O País precisa, com urgência desesperada, de uma reforma politica; não importa se feita pelo Congresso Nacional, ou se por deliberação dele, mediante participação popular direta. Mas é preciso fazê-la com os propósitos enunciados: barateamento das eleições; autenticidade partidária e formação de maiorias políticas consistentes.  Ninguém deve supor que os costumes políticos serão regenerados com direito penal, repressão e prisões. É preciso mudar o modelo politico com energia criativa, visão de futuro e compromisso com o país e sua gente. 

Minha primeira reflexão.

Sem reforma politica tudo continuará o que sempre foi. A distinção será apenas entre os que foram pegos e outros tantos que não foram.

Avanço senhor presidente.  A AP 470 apurou fatos que teriam custado ao País, em termos de dinheiro público, cerca de 150 milhões de Reais. De parte o custo pecuniário, não se deve descurar do custo moral e institucional, representado por dinheiros não contabilizados, compra de apoio politico e mal feitos diversos. É impossível exagerar a gravidade e o caráter pernicioso de tudo que aconteceu. Porém, a bem da verdade, é no mínimo questionável, a afirmação de se tratar do maior escândalo politico da historia do País. Talvez o que se possa afirmar, sem margem de erro, é que foi o mais investigado de todos, seja pelo MP, pela PF ou pela imprensa. Assim como foi, também, o que teve a resposta mais contundente do poder judiciário. Deve-se celebrar a resposta institucional dada ao episódio, como uma reação à aceitação social e à impunidade de condutas contrárias à ética e a legislação, mas não se deve fechar os olhos ao fato de que o chamado Mensalão não constituiu um evento isolado na vida nacional, quer do ponto de vista quantitativo, quer do ponto de vista qualitativo.
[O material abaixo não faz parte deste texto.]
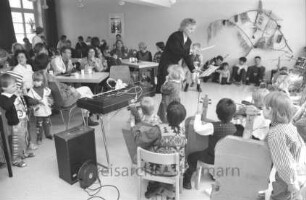 "Alte Schule": Familien-Frühlingsfest: Montessori-Spielkreis bei Musikvortrag: rechts Kinder mit Instrumenten auf Stühlen: in der Mitte Leiterin Brigitte Peters: links Kinder und Erwachsene an Tischen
Justamente, ao contrario ele se insere em uma tradição lamentável que vem de longe. Nos últimos tempos, com o despertar da cidadania e pela benção que é a liberdade de imprensa e de expressão, tais fatos passaram a se tornar conhecidos e repudiados pela sociedade.

E começam a ser punidos.  

Em ligeiro esforço de memória, remontando aos últimos 20 anos, é possível desfiar um rosário de escândalos que custaram caro ao País. Também aqui, custo pecuniário e moral.  Em 1993 veio a público, para o espanto geral, o escândalo dos anões do orçamento que envolveu o desvio bilionário de recursos públicos via emendas parlamentares à lei orçamentária. Em 1997, o escândalo dos títulos públicos ou dos precatórios revelou um esquema que importou em perda de alguns bilhões para a fazenda pública; o escândalo da construção do prédio do TRT em São Paulo que veio à tona em 1999, implicou em desvio de muitas dezenas de milhões; o escândalo do Banestado, investigado em 2003, relacionou-se com a remessa fraudulenta para o exterior de mais de 2 bilhões de Reais. A lista é longa e pouco edificante.

Uma segunda reflexão.

Não existe corrupção do PT, PSDB ou PMDB. Existe corrupção. Não há corrupção melhor ou pior, dos nossos ou dos deles. Não há corrupção do bem. A corrupção é um mal em si e não deve ser politizada.

Faço, senhor presidente, uma observação final.   

A sociedade brasileira tem cobrado um choque de decência em muitas áreas da vida pública. E é preciso mesmo. Seria bom, por igual, aproveitar essa energia cívica, para a superação de inúmeras práticas privadas que inibem o avanço civilizatório, das pequenas às grandes coisas.   Por exemplo, acabar com a cultura de cobrar preço distinto, com nota ou sem nota.  Não levar cachorro para fazer necessidade na praia, sabendo que pouco depois uma criança vai brincar na mesma areia. Não estacionar carro na calçada e obrigar o pedestre a caminhar pela rua, ou ultrapassar pelo acostamento, criando riscos ou obtendo vantagem indevida. Nas licitações, não fazer combinações ilegítimas com outros participantes ou fazer oferta de preço abaixo do custo para, em seguida, exigir adicionais após obter o contrato. Para não mencionar as obviedades, não dirigir embriagado, não jogar lixo na rua e respeitar a fila. As instituições públicas são um reflexo da sociedade: não adianta achar que o problema está sempre no outro; não viver o que se prega.

Portanto, uma terceira e última reflexão.

Cada um deveria aproveitar este momento que é visto, amplamente, como um ponto de inflexão e fazer a sua autocrítica, a sua própria reflexão pessoal, e vê se não é o caso de promover em si, a transformação que deseja para o País e para o mundo.